Unitarian Jihad has already somewhat explored this difficult issue.
“You have a right to your moderation! You have the power to be calm!”
“We will appear in public places and require people to shake hands with each other!”
“Pockets of reasonableness and harmony will appear as if from nowhere! Nice people will run the government again! There will be coffee and cookies in the Gandhi Room after the revolution.”
Plus, I’ve seen “MSM” used by those on the left and the right (poor media, no one likes them). But not “American Taliban,” it’s always “used in a specific way for a specific purpose by a specific lot.”
But not in real life, which is what I was talking about. It’s obvious that MSM was conceived in, and is used for, a text-only medium, while “American Taliban” is suited for spoken-word communication.
I could spend all day dissecting “MSM” from different angles. For instance, one use of the phrase is a de facto admission that you’re on the lunatic fringe. Another interpretation could be the punk mystique and the disdain for anything generic and mainstream, which is odd considering that the people who use it the most are The Man and present themselves as having the will of the majority on their side (i.e., the Mainstream), yet at the same time bash that same mainstream when it comes to the media. It could be that the term “liberal media,” which they’ve used since their early KKK days, wasn’t really catching fire anymore, so they went with this new term.
It’s even more funny because, as you mentioned, people on the Left have started using it because they think the media is on the side of the Right! When you add in the fact that they believe themselves to be on the outside and not mainstream, you have a major case of cognitive dissonance just trying to wrap your head around this stupid little acronym and its uses.

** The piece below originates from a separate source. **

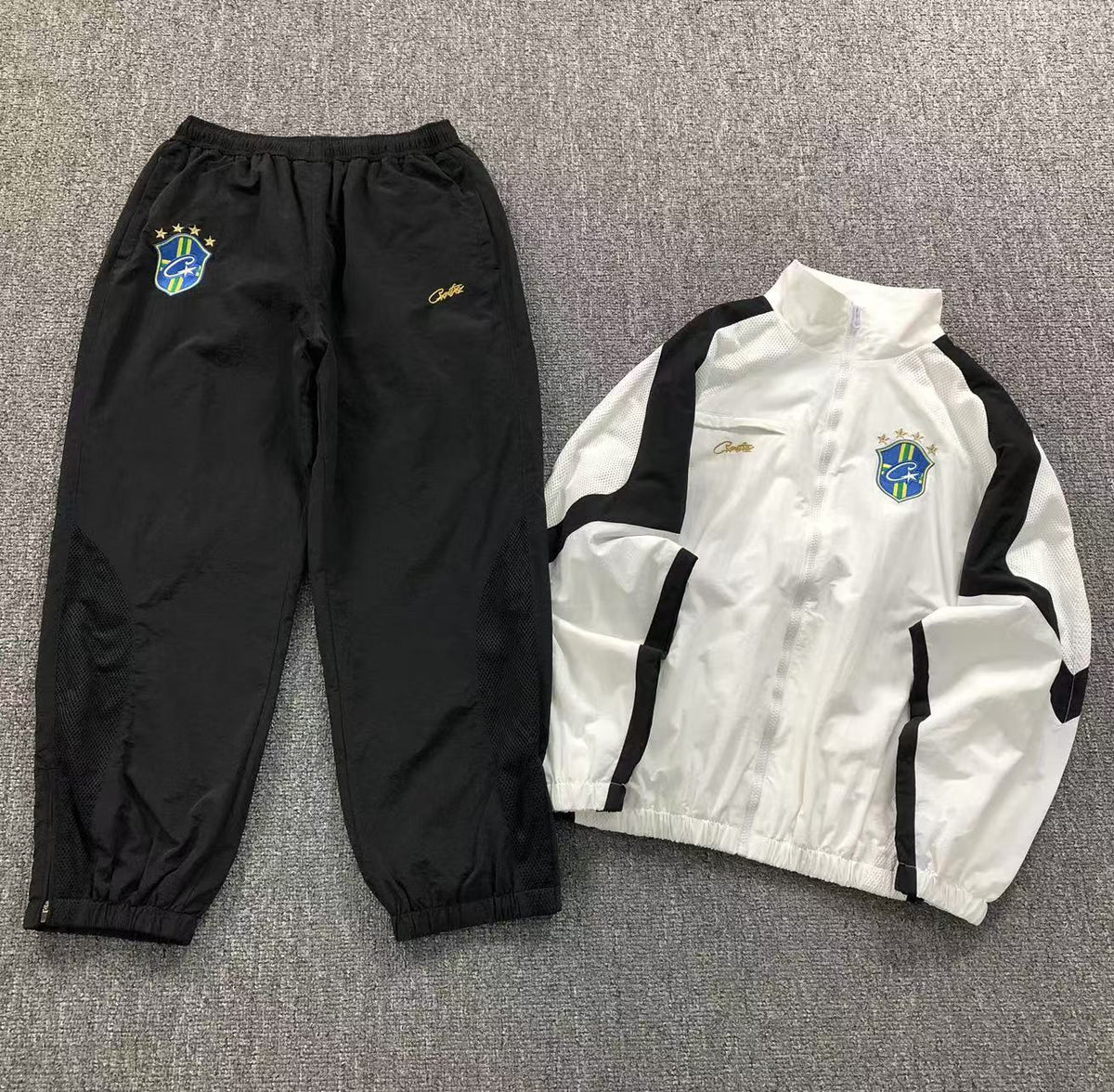Conjunto Corteiz Brasil Olympic Shuku Blanco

And trust me, I’ve actually heard a fairly diverse group of people use the phrase “American Taliban” as well, but in real life as opposed to wacko pundit sites on the internet. It’s not as popular as “That’s gay,” but it is around the level of “I’m Rick James, bitch!” It also has a bunch of varations on the term, but the same theme is maintained. “Holy-Rollers” and “Jesus Freaks” are old and I think a lot of people are taken with the novelty of using a new term for moral busybodies. It’s not half as bad as things I’ve heard used about Muslims.
I assumed Scott was being ironic.
I was thinking more sarcasm, EF. I’m not bright enough for irony.
You sell yourself short, Scott. Knock it off.